Which makes sense, because to these people Labour – real Labour – doesn’t have 232 seats, it has about 40. The others seats are occupied by “Red Tories” or, worse, “Blairites”. Since these groups are as much the enemy as the Tories are, exchanging one for the other is meaningless. The Corbynites could start their own party of course, but why do that when they can seize control of Labour’s infrastructure, short money and institutional donors. The only long-term strategy that makes sense is to “purify” Labour, and rebuild from the foundations up. That may mean another 10 or 20 years of Tory rule, but the achingly middle-class Corbynistas won’t be the ones to suffer from that.

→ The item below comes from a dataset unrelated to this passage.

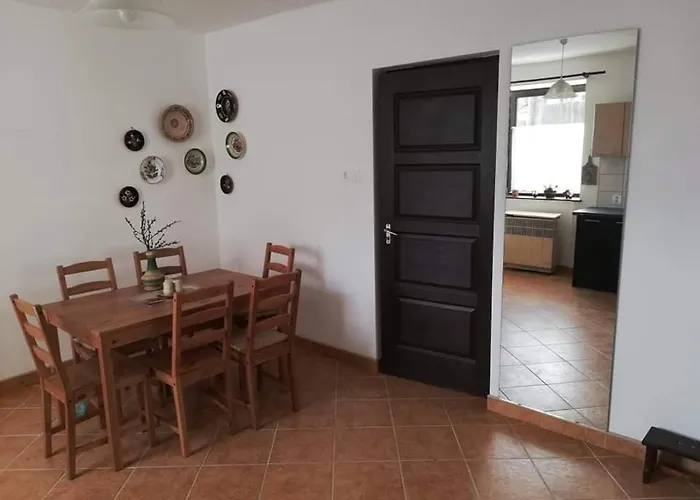 Szira Porta Gasthof Hollókő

Seen through that prism, Corbynism makes sense. A common theme among the dozens of resignation letters from former shadow ministers has been his apparent disinterest in opposition policy work. A recent Vice documentary showed his refusal to attack the Tories over the resignation of Iain Duncan Smith. Even Richard Murphy, a supportive economist who set out many of the basic principles of ‘Corbynomics’, lost patience in a recent blog post

“I had the opportunity to see what was happening inside the PLP. The leadership wasn’t confusing as much as just silent. There was no policy direction, no messaging, no direction, no co-ordination, no nothing. Shadow ministers appeared to have been left with no direction as to what to do. It was shambolic.”

So where are his attentions focused? Unnamed “insiders” quoted in the Mirror paint an all too feasible picture of a team that, “spent hours in ‘rambling’ meetings discussing possible plots against him and considered sending ‘moles’ to spy on his Shadow Cabinet.” That claim was given more weight by the recent controversy over Karie Murphy, Corbyn’s office manager, who allegedly entered the office of shadow minister Seema Malhotra without permission. Vice’s documentary, ‘The Outsider‘, showed Corbyn railing against the BBC, who he believed were ‘obsessed’ with undermining his leadership, and other journalists.

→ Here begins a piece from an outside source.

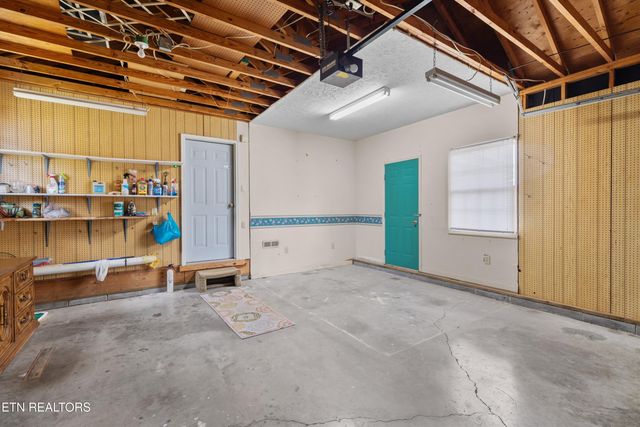 1010 Old Jacksboro Road Rd, New Tazewell, TN 37825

By all accounts, Corbyn’s team inhabit a bunker mentality, and their genius – intentional or otherwise – has been to use the ‘paranoid style’ to extend that bunker to accommodate tens of thousands of their followers. Within that bubble, every failure becomes a victory. Negative media coverage simply reinforces their sense of being under attack, and every bad poll or election disappointment becomes an opportunity to demonstrate the strength of their faith. Shadow cabinet resignations and condemnations reveal new ‘traitors’, justifying further paranoia and increasing the feeling of being under siege.

It’s terrible for a functioning opposition, but brilliant for forming a loyal hard-left movement, driving screaming protestors into CLP meetings, keeping uppity MPs in line with the prospect of more abuse or deselection, and ensuring that Corbyn will sign up enough supporters to win the leadership election by a landslide.  

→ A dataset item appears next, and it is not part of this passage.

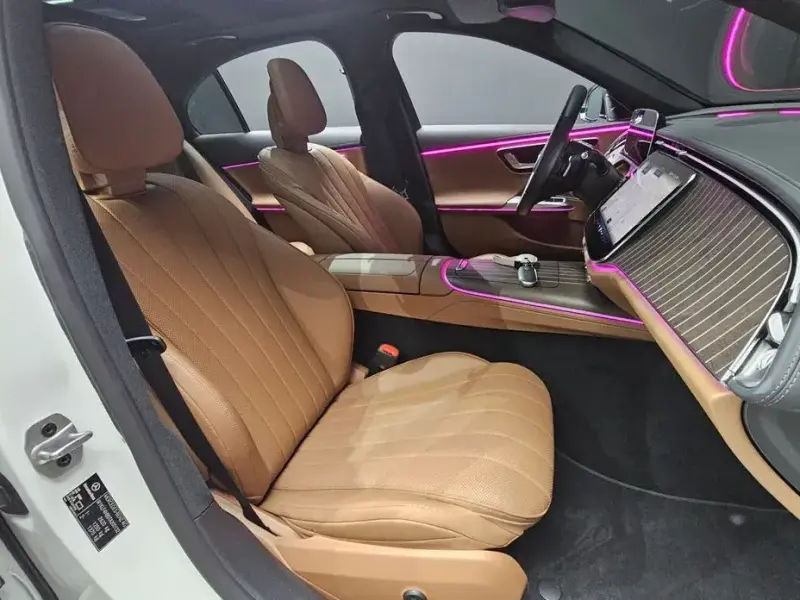 2025 Mercedes-Benz E-Класс с пробегом 26 014 км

Hofstadter wrote that ”the paranoid is a militant leader. He does not see social conflict as something to be mediated and compromised, in the manner of the working politician.” In the United States, Bernie Sanders was ultimately forced to compromise when Hillary Clinton won the Democrat nomination. The Bernie Corbyn & Jeremy Sanders Facebook group, hardcore loyalists to the end, immediately disowned him, and suggested the group change its name.

Corbyn need make no such compromise, which is his whole appeal. Those who expect him to step down after a general election defeat, or to compromise with the rest of the party to achieve greater success, have completely failed to understand what they’re dealing with. For Corbyn and his followers there is no compromise, only purity, and a Red Labour party with 50 MPs is better than a centrist party with 400. That is the reality of the movement that Labour and the left are facing, and it is catastrophic.